The placement is precise. Having identified that humans roll like cylinders, harmed by self-chosen miseries, the poem isolates the chief inner engine of that self-harm: the inborn drive to contend, to escalate, to make conflict where none need be. And it prescribes the one response that actually disarms it — not victory, but yielding.

Cross-Tradition Connections

The counsel to yield rather than escalate, to flee strife rather than feed it, is the explicit core of Taoist ethics. The Tao Te Ching repeatedly praises the strength of yielding: "the soft overcomes the hard"; water, which yields to everything, wears away the strongest rock; the sage "does not contend, and therefore no one can contend with him." The Pythagorean "yield and flee" and the Taoist wú wéi (non-contention, non-forcing) are the same wisdom in different idioms.

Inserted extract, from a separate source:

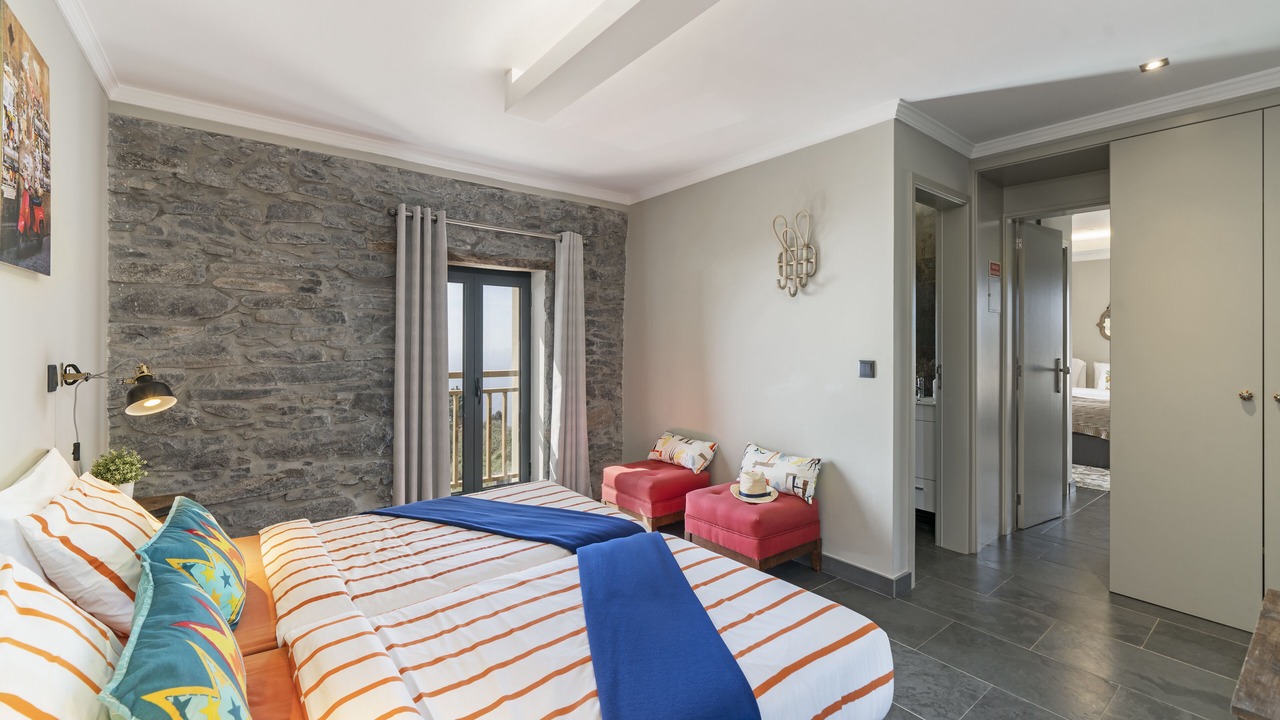 Photo of Bedroom in Prazeres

The recognition of an innate, ever-present impulse toward conflict resonates with the Buddhist analysis of dveṣa (aversion, hatred) and the broader recognition that the combative mind generates much of its own suffering. The Buddhist counsel against responding to hatred with hatred — "hatred is never appeased by hatred; it is appeased by non-hatred" (Dhammapada) — is the ethical twin of "do not lead Strife forward, but yield."

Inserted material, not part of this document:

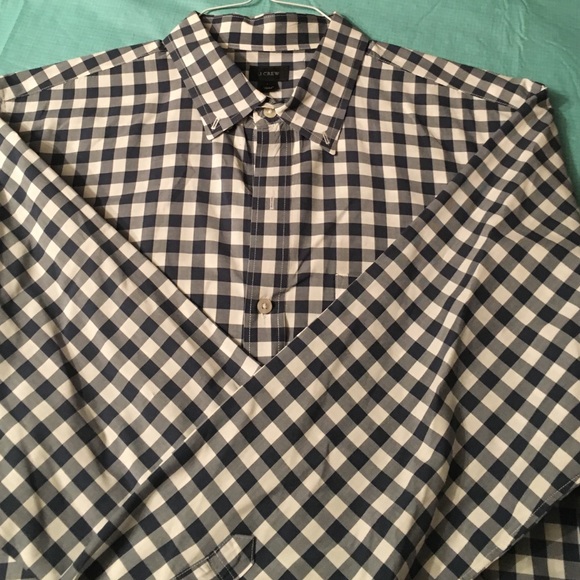 J. Crew Shirts J Crew Mens Dress Shirt Poshmark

The Stoic teaching to refuse to be provoked — to recognize that another's hostility is their disturbance, not a summons we must answer — and the broad wisdom-tradition counsel that "a soft answer turns away wrath" (Proverbs) belong to the same family. So too the martial traditions' highest teaching, that the supreme skill is to win without fighting, to redirect rather than oppose force. Across all of these the insight is constant: strife is fed by engagement, and the way to disarm it is to refuse the escalation it demands.

Universal Application

The universal principle is that the combative impulse is largely inborn and operates beneath our awareness, and the way to master it is not to win but to yield. We imagine that conflicts are forced upon us by others, but the Golden Verses locate the strife within — a congenital disposition we carry and project. To recognize this is the first step toward freedom from it.

The second, harder truth is that strife feeds on engagement. Every escalation strengthens it; every refusal to escalate weakens it. The instinct to meet provocation with provocation, to answer the cutting remark, to win the argument, to have the last word — this is precisely the "leading Strife forward" that the verse warns against. The counterintuitive wisdom, attested across the world's traditions, is that yielding is not defeat but the only real victory over discord.

Modern Application

No verse in the poem is more urgently applicable to the connected modern world, which has built machinery of unprecedented power for "leading Strife forward." The comment section, the quote-tweet, the group chat, the escalating email thread — these are engines engineered to amplify the inborn impulse to contend, to reward the provoking reply, to make strife frictionless and endless. And the verse names exactly what is happening: a baneful, ever-present impulse to conflict is harming us "unnoticed," because the medium makes escalation feel like simply responding.

The practice is to recognize the impulse for what it is — inborn, projected, and self-harming — and then to do the thing that feels almost impossibly counterintuitive: not lead it forward. When you feel the pull to fire back, to win the exchange, to have the last word, that pull is the Éris the verse describes. Yield to it and step away. This is not weakness or surrender of your convictions; it is the refusal to feed a fire that consumes you as much as your opponent. The most powerful and most difficult application is the simplest: the argument you do not enter, the reply you do not send, the provocation you let pass. "Yield and flee" is, in the end, a discipline of strength — the strength to refuse a fight that has nothing to offer but mutual harm.